5. Tampons: Pollution Detectors

It's an unsavoury thought, but humans generate a lot of waste, and I'm not talking about your Christmas dinner leftovers. Sewage management is a massive undertaking and it has two branches. One collects rainwater and puts it back into the rivers, and one collects all the other, er, stuff, and channels it into the sewerage plants to be cleaned up. Unfortunately, sometimes these systems can get a bit mixed up, if, for example, there has been flooding, which causes some of the raw sewage to contaminate our fresh water sources that we use for drinking and bathing. So how do you test for this contamination? Well, this is where the tampons come it.
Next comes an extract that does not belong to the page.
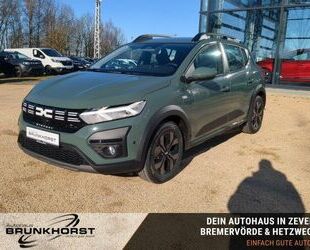 Dacia Dacia Sandero Stepway TCe 90 CVT Expression Klimaa Gebrauchtwagen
The unique thing about tampons is that they're made from completely untreated cotton (so they don't hurt your ladybits), so they're great at picking up some of the chemicals that could potentially leak into the drinking water. What the scientists are looking for are mostly chemicals called "optical brighteners", found in laundry detergents, shampoos and toilet roll. These brighteners are put in to keep your whites white and are responsible for making white clothing glow under UV light. When a tampon comes into contact with even a tiny bit of optical brightener, it can glow under UV for up to a month. The scientists just continue to take measurements with (unused) tampons further and further upstream until they locate the source of the contamination. A fantastically low-tech solution for a difficult problem.